フレディ・マーキュリー、不思議な魅力を持った男だと思う。
これからも、その男の背中を見ながら大好きな音楽を仕事にできる喜びを実感した。
ジョンの中で益々やる気が出てくる。
ありがとう……フレディ!
何度も心の中でそう言った。でも、ジョンは決めている。
プロポーズもして、結婚もするだろうけど、だけど、それを公式に発表することはしない。
まだ、そんな段階じゃない。今はただ、ヴェロニカとクリスマスを一緒に過ごしたいと、
そんなささやかな願いを叶えたいだけなのだ。
とりあえず、部屋で待ってるヴェロニカに電話をかけようと、ジョンは公衆電話を探した。
コートのポケットに入れてるコインを出そうとしたとき、何かが地面に落ちた。
ふと見ると、ジョンの先の欠けたピックだった。
それにフレディの部屋の鍵が付いている。
「ああ、そうか、フレディに昼間頼まれて……わたすの忘れてたんだ」
と単純に思ったが、
「いけない! フレディ、どうやって部屋に入るんだろう!」
慌ててジョンは店に引き返した。勢いよく店の扉を開けて中に入る。
「フレディ!」
さっき飲んでいた奧の席に行く。
「あ、あれ……おかしいなぁ」
さっきのままの状態だ。灰皿には吸いかけの煙草も置いてある。
さして時間はたっていないから、てっきりまだここで飲んでいると思った。
「お、さっきの若いのじゃないか……そこの兄ちゃんなら、今店出ていったぜ。
ここにいた連中と一緒になぁ。別の店で飲み直しだとさ」
「そ、そうですか」
……もう少し、ここで飲むって言ったくせに。
ジョンは唇を噛みしめる。また、不安になる。
フレディ、今夜はどうするんだろう? 鍵のこと、気づいてるだろうか。
ジョンはフレディの事を思いながら店を出た。
慌てて引き返してきて、たくさん汗をかいたせいか、一段と外の空気が冷たく感じる。
ジョンは身震いしてコートの襟を立てた。
とりあえず、道路を渡ってすぐの場所にあった電話ボックスに入る。
ダイヤルを押した。
「……あ、ヴェロニカかい? ごめん、少し遅くなった。もうすぐ帰るよ……
あ、いや、もう少し、もう少しかかるかもしれない。……え? ああ、そうじゃない。
……うん大丈夫。……いや、いいんだ、今日はね、大事なことを君に言わなきゃいけないんだ。

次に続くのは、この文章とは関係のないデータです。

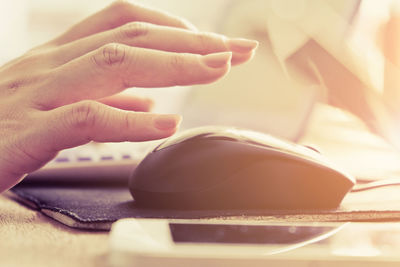 Cropped hand with computer mouse on desk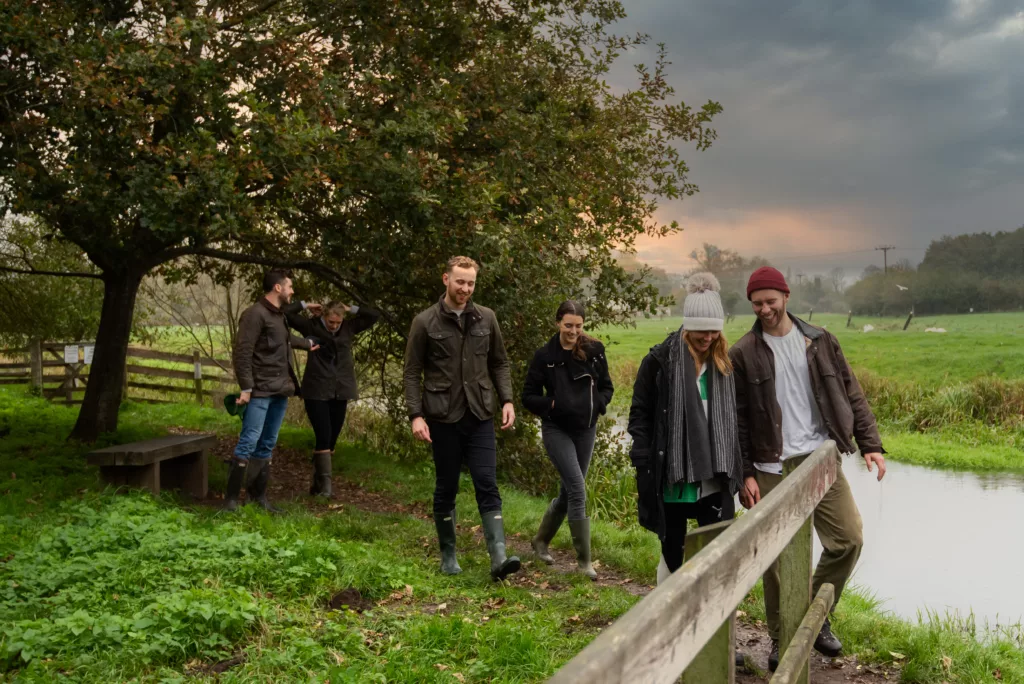A group of people walking alongside a river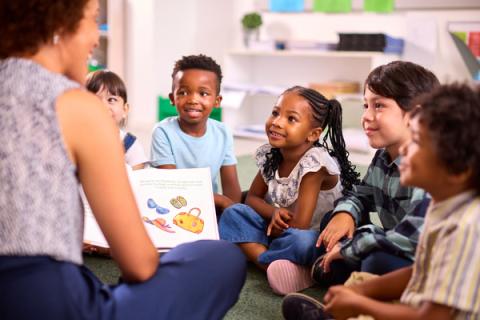 Group of children sit and listen as they are read a story during storytime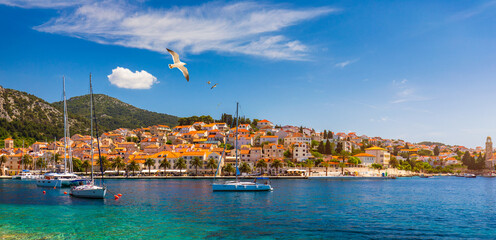 Hvar town with seagull's flying over city, famous luxury travel destination in Croatia. Boats on Hvar island, one of the many Islands near Dubrovnik and Korcula on the Dalmatian Coast of Croatia. - obrazy, fototapety, plakaty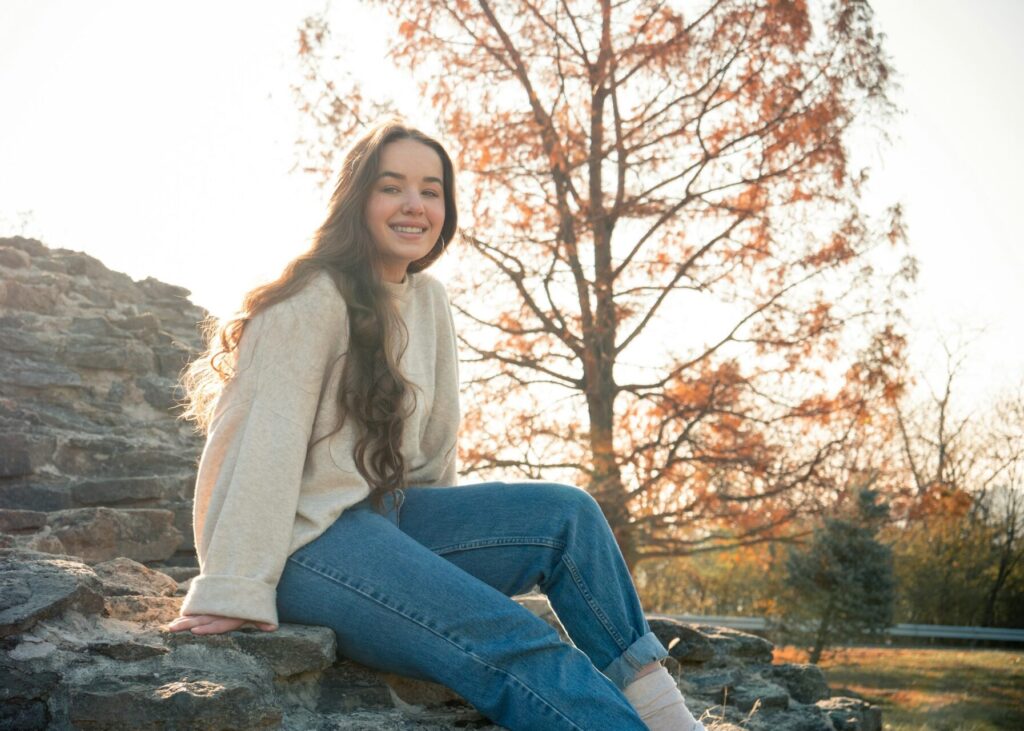 A woman wearing jeans and a sweater. 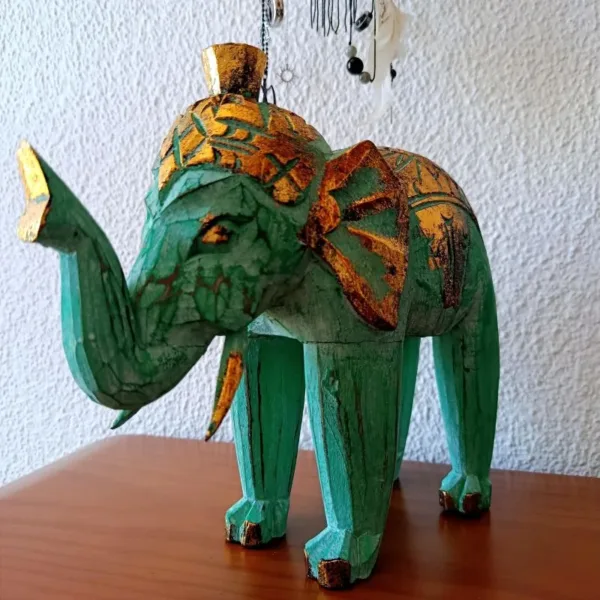Escultura Elefante Madeira Bali Artesanal | Dourado e Turquesa | Decoração Asiática Étnica Adicione um toque de sabedoria e exotismo à sua decoração com esta manífica escultura de elefante em madeira. Cada peça é esculpida à mão por mestres artesãos na ilha paradisíaca de Bali, na Indonésia, garantindo um artigo único e cheio de carácter! Características Principais: Artesanato Autêntico de Bali: Esta escultura é o resultado de técnicas tradicionais de entalhe em madeira, passadas de geração em geração. Design Exclusivo: O acabamento em tons vibrantes do dourado e turquesa conferem um charme especial, combinando a riqueza cultural com um toque moderno.Simbolismo de Sorte e Sabedoria: Na cultura asiática, o elefante é um animal sagrado, símbolo de sorte, prosperidade e sabedoria. Material Natural: Feita a partir de madeira sustentável (madeira de Albésia, leve e durável), esta elegante peça é ecológica e robusta. Decoração Étnica e Zen: Perfeita para criar um ambiente Zen, étnico ou para adicionar um ponto focal de cor em qualquer divisão da sua casa, escritório ou espaço de meditação. Ideal Para:Amantes de artesanato e decoração asiática ou étnica. Quem procura um amuleto de boa sorte e prosperidade para o seu lar. Prendas únicas com significado!Nota: Por se tratar de um produto artesanal, pequenas variações nas cores e nos detalhes podem ocorrer, o que torna a sua peça verdadeiramente exclusiva. e com significado!Nota: Por se tratar de um produto artesanal, pequenas variações nas cores e nos detalhes podem ocorrer, o que torna a sua peça verdadeiramente exclusiva.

……うん、わかってるよ。……今夜は、一緒に夕飯を食べようね」
ジョンは静かに受話器を置いて電話ボックスを出る。
手に息を吹きかけながら何気なく空を見上げると、すっかり漆黒の夜空に、
白いものが円を描きながら落ちてくるのが見えた。
それは、しだいにたくさん降り注ぐ。ジョンの手にも……
「雪……もう?」
冷えるはずだ。
フレディ……こんな寒い夜に、いったいどこにいるんだろう……
街灯の薄明かりの中を人が行き交う。
ジョンは店のショーウインドウから漏れる暖かそうな光に目をやった。
後ろも振り向いてみた。街は冬の寒さの中でめいっぱいの暖かさを演出している。
それに、この音楽……。自分たちのじゃない音楽。いつか、自分たちの音楽が、
フレディの歌声がこの景色の中に混じるのかもしれないとふと思った。
大人も子供も老人も、柔らかい明かりの中で笑っていた。
その中にフレディがいれば、気配だけでわかるような気がする。
きっと、あの後ろ姿ならすぐに見つけられると思う。
ジョンは腕時計を見て、すっかり冷たくなった鼻の頭に手をやった。
……君がどこかへ行っても、きっと僕ならすぐに見つけられるからね。
いつだって『僕を探し出してほしい』って、君の背中は言ってるんだ。
あのライブの時ですらね……僕には、ちゃんとわかるよ。
ジョンは、フレディの部屋の鍵をポケットの中で強く握りしめて、
通りの人混みの中へと走り出した。